Chine : quelle lecture de la crise de liquidité interbancaire ?

par Bei Xu, économiste chez Natixis

Une crise de liquidité est survenue sur le marché interbancaire durant le mois de juin et a atteint sa phase la plus aigüe pendant la semaine du 17. Le Shibor (taux interbancaire) overnight dont le niveau fluctuait principalement autour de 2,5% depuis janvier, est passé rapidement à 7% lors de la deuxième semaine du mois et a atteint un record historique de 13,44% le 20 juin.

Les informations officielles ont suggéré ultérieurement un risque de cessation de paiement de certaines banques dont les noms ne sont pas communiqués, la banque centrale ayant confirmé son aide apportée à ces établissements. Surgissant dans un contexte d’endettement trop élevé de l’économie chinoise (200% du PIB), cette crise de liquidité soulève des interrogations sur la solidité du système financier et sur les risques d’une crise financière en Chine.

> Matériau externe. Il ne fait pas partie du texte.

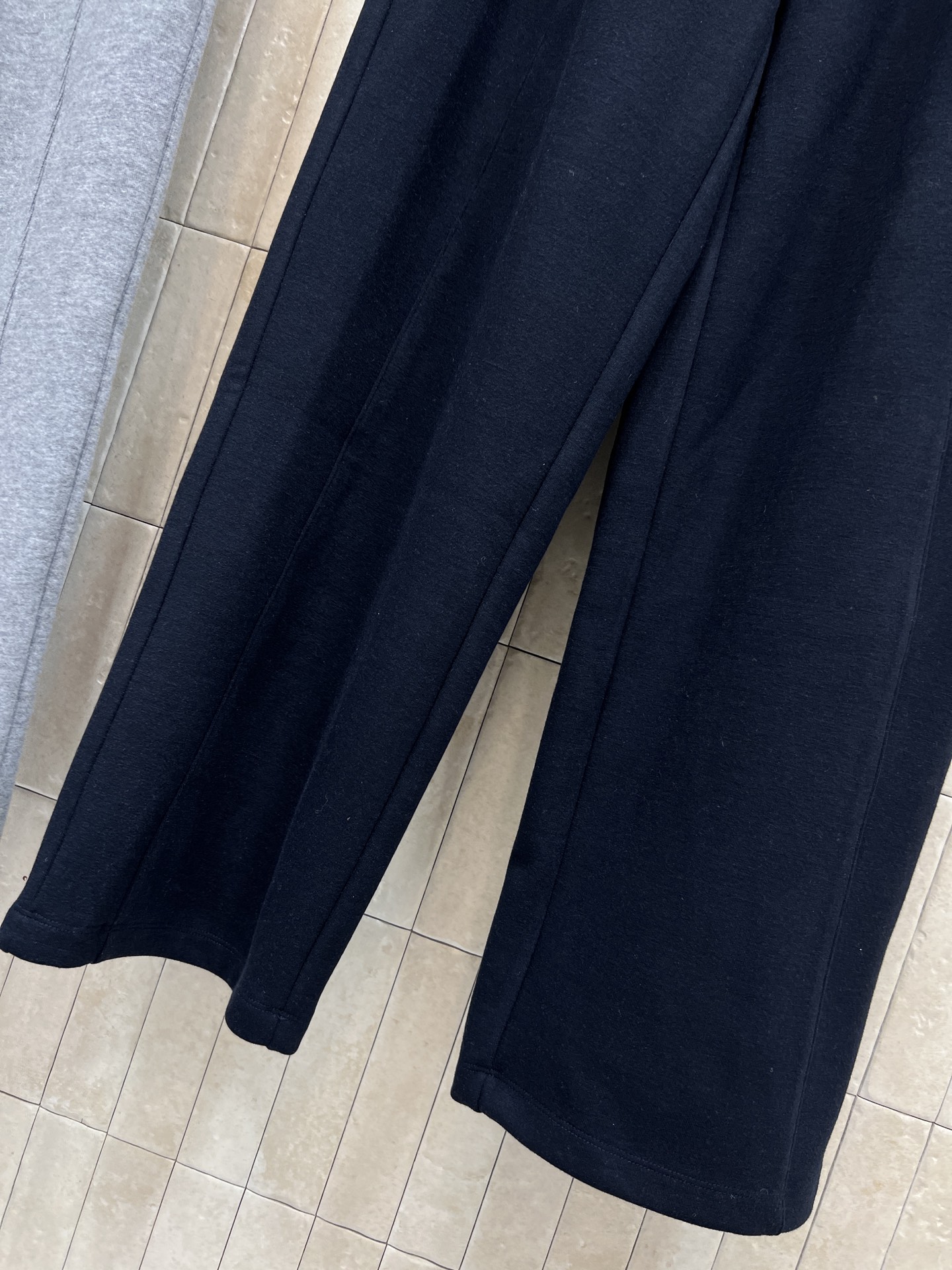 LW家 25秋冬新款 logo刺绣休闲卫裤 宽松直筒设计+抽绳松紧腰 适合各种身材 裤口袋有品牌logo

Il faudrait d’abord préciser qu’il s’agit d’une tension de liquidité et non de solvabilité des banques chinoises. En ce mois de juin, il y a eu à la fois une baisse de l’offre de liquidité interbancaire due essentiellement à une moindre entrée de devises (la fin du QE se précisant de plus en plus, la pression à l’appréciation du RMB s’inversant) et une montée importante des besoins de liquidités liée à des aspects techniques et réglementaires (évaluation semi-annuelle de différents ratios des banques, paiements des réserves obligatoires ou encore paiements des taxes des entreprises entraînant un déplacement de liquidité des banques commerciales à la banque centrale où l’administration détient son compte).

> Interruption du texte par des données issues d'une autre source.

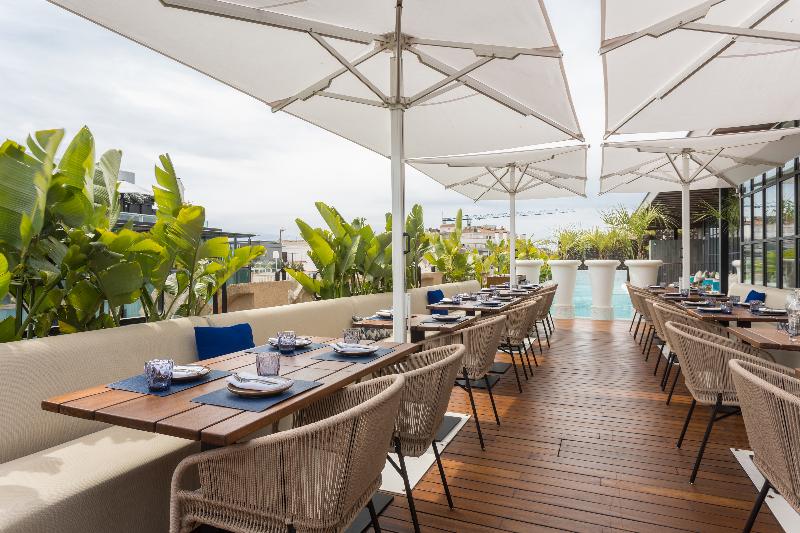 Monument Hotel - Teras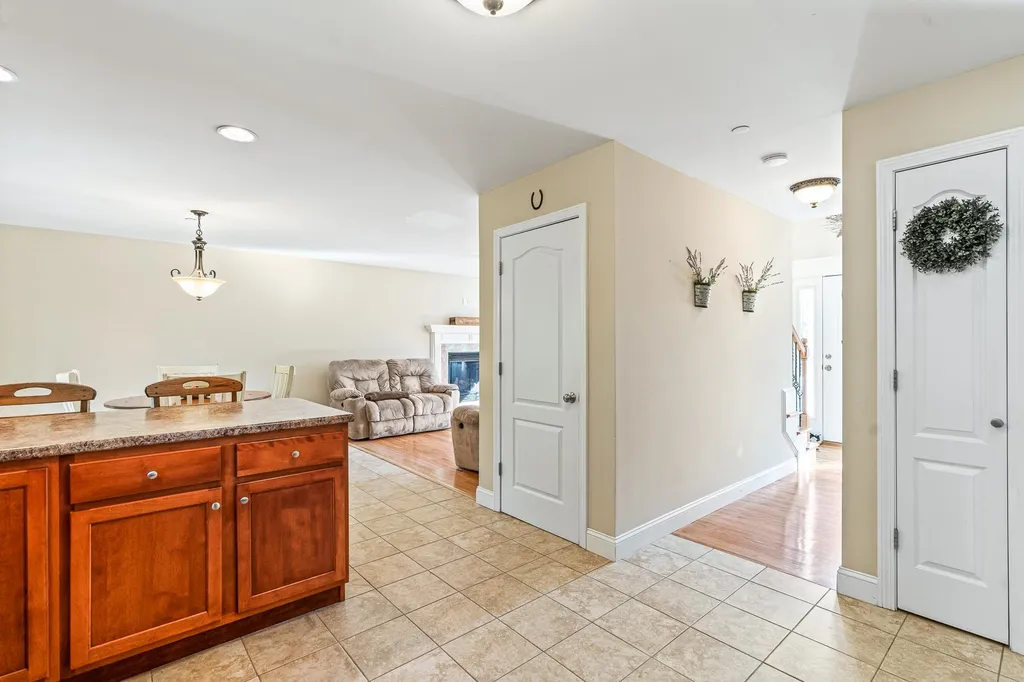 12 Lincoln Lane Chester NH 03036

Cette crise de liquidité était donc liée à une gestion peu scrupuleuse de liquidité qui révèle 1. une expansion trop rapide des activités dont la distribution de crédit notamment par le système shadow banking ayant pour but de contourner la réglementation, et 2. plus fondamentalement un manque de discipline reposant sur un comportement d’aléa moral. En effet, d’une part les établissements bancaires sont quasiment de nature publique en Chine, l’Etat en étant l’actionnaire dominant. D’autre part, l’Etat chinois dispose d’importantes ressources financières dont notamment les 3400 milliards de dollars de réserves de change, d’où la capacité d’éviter une crise systémique et financière. Ceci constitue aussi la raison pour laquelle nous pensons qu’un scénario extrême de crise financière n’est pas à l’ordre du jour en Chine mais que cela a aussi largement contribué à une gestion peu prudente de liquidité en présence des comportements d’aléa de moralité.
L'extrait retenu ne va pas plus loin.